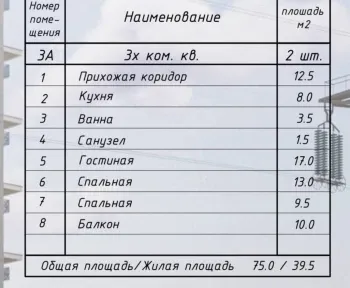 75 м², 3-комн. квартира, 9/11-1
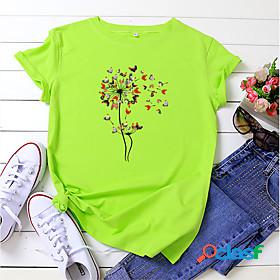 Women's T shirt Graphic Dandelion Animal Round Neck Print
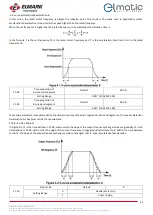 Preview for 33 page of ELMARK elmatic ED2000 Manual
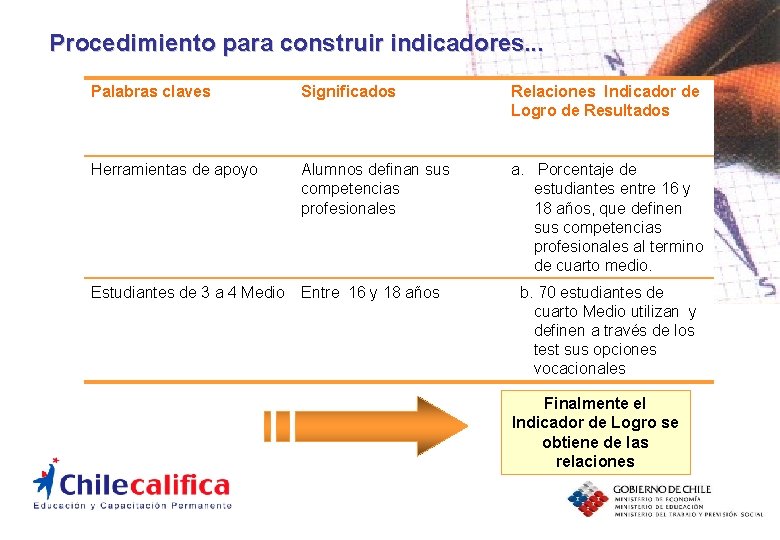 Procedimiento para construir indicadores. . . Palabras claves Significados Relaciones Indicador de Logro de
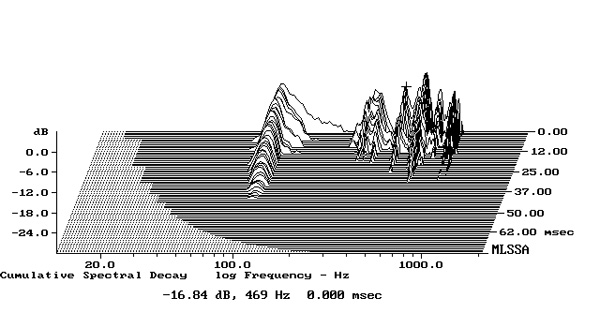 1018FoKan2fig2.jpg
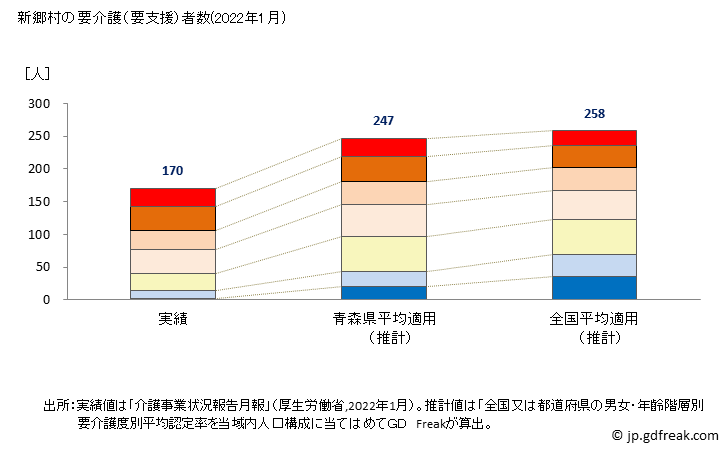 グラフ 年次 新郷村(ｼﾝｺﾞｳﾑﾗ 青森県)の要介護（要支援）認定者数の将来予測  （2019年～2045年） 新郷村の要介護（要支援）者数(2022年1月)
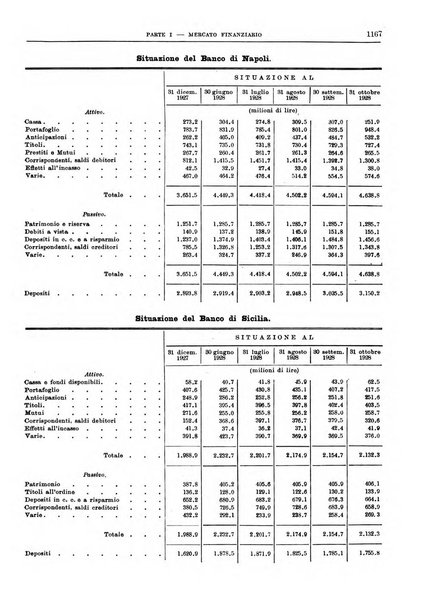 Bollettino di notizie economiche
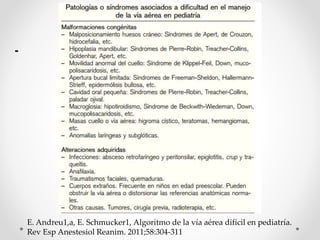 -
E. Andreu1,a, E. Schmucker1, Algoritmo de la vía aérea difícil en pediatría.
Rev Esp Anestesiol Reanim. 2011;58:304-311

* * * *

Problem statement:
For each record above, write out its text exactly and skip any picture.

The answer:
 75 м², 3-комн. квартира, 9/11-1
 Women's T shirt Graphic Dandelion Animal Round Neck Print
 Preview for 33 page of ELMARK elmatic ED2000 Manual
 Procedimiento para construir indicadores. . . Palabras claves Significados Relaciones Indicador de Logro de
 1018FoKan2fig2.jpg
 グラフ 年次 新郷村(ｼﾝｺﾞｳﾑﾗ 青森県)の要介護（要支援）認定者数の将来予測  （2019年～2045年） 新郷村の要介護（要支援）者数(2022年1月)
 Bollettino di notizie economiche
 -
E. Andreu1,a, E. Schmucker1, Algoritmo de la vía aérea difícil en pediatría.
Rev Esp Anestesiol Reanim. 2011;58:304-311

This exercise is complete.